Affixed near Wadsworth Gate, the plaque memorializes Titus, Venus, Bilhah, and Juba, four slaves who lived and worked in Wadsworth House and were owned by Harvard presidents Benjamin Wadsworth and Edward Holyoke during the 1700s.
“The plaque is intended to remember and honor them and to remind us that slavery was not an abstraction, but a cruelty inflicted on particular humans. We name the names to remember those stolen lives,” said Faust, a Civil War historian. It is expected to be the first of many efforts to memorialize and chronicle the contributions that enslaved people made to the University.
Attending was U.S. Rep. John Lewis, the Georgia congressman and icon of the Civil Rights era, who called the gesture a new chapter for Harvard and an important step in having America come to terms with slavery.
“For nearly four centuries, we have believed that the best way to cleanse this nation of the stain of slavery is to ‘move on,’ ” said Lewis, who received an honorary Doctor of Laws degree from Harvard in 2012. Landmarks were torn down and records lost in an effort to “wipe out every trace of slavery from America’s memory, hoping that the legacy of a great moral wrong will be lost forever in a sea of forgetfulness. But for 400 years, the voices of a generation have been calling us to remember. We have been tossing and turning for centuries in a restless sleep, and we’ve pleaded with them to be still, but they will not be silent.”
Lewis led the long fight to get formal recognition for the African slaves who built many of the nation’s most important federal buildings, including the White House and the U.S. Capitol. He thanked Faust for her leadership and tenacity in the push to give “these souls some of the dignity and the honor that they did not receive in life, [but] they have deserved for centuries.”
From its earliest days, Harvard was “directly complicit” in the slave trade until Massachusetts abolished the practice in 1783, Faust noted. But even then, she said, the University maintained ties to slavery, and benefited financially from it, up until the Civil War, a possible reference to properties that were bequeathed to Harvard in the early 1800s by slave owner Isaac Royall Jr., whose family wealth came from their West Indian plantations.
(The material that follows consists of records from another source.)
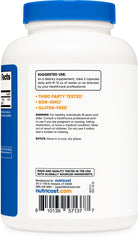 Nutricost Magnesium+ bottle with GMP and third-party testing quality seal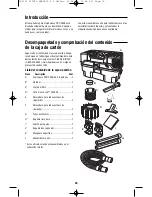 Предварительный просмотр 20 страницы RIDGID WD45500 Owner'S Manual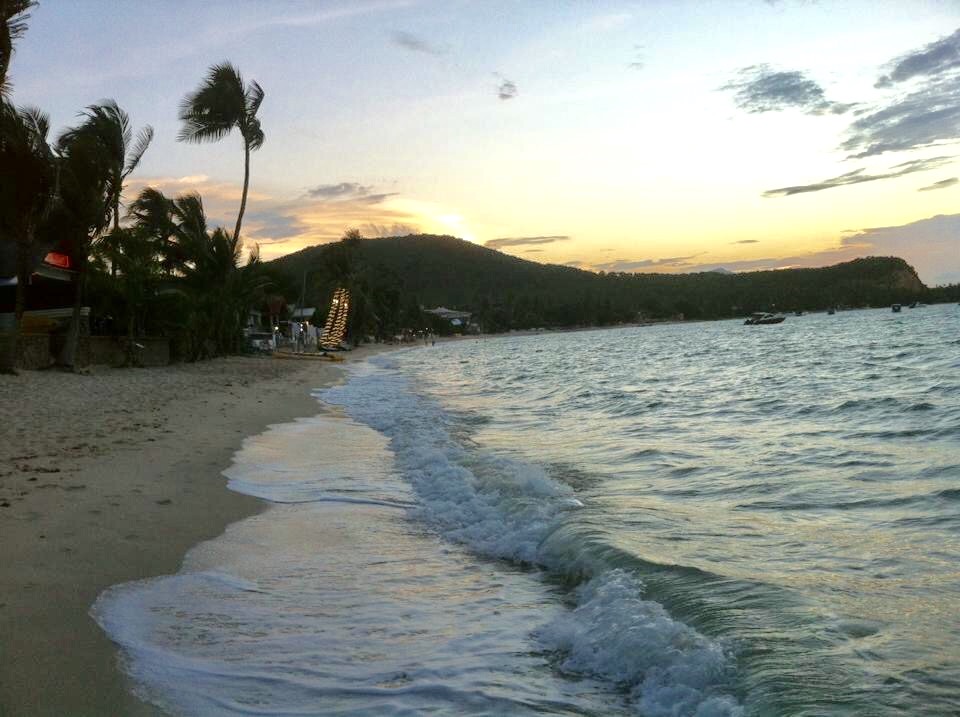 Koh Samui in southern Thailand - photo by Chris Wotton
Proceeds from the sale of that land provided the seed money first for Harvard’s Royall Professorship of Law and then for Harvard Law School’s (HLS) founding in 1817, which recently has been a point of concern in HLS protests.
While Harvard is proud of its long and distinguished history in education and public service, and of the many exceptional people associated with the University, it is essential that it also face uncomfortable truths in our “search for veritas,” said William F. Lee ’72, senior fellow of the Harvard Corporation.
“It is easy enough to highlight and to celebrate the things that have occurred in the past that fill us with pride,” said Lee. “It is harder to shine a light on those aspects of our past that deeply disturb us, that confuse us, that confound us, and that we might prefer to leave in the shadows.”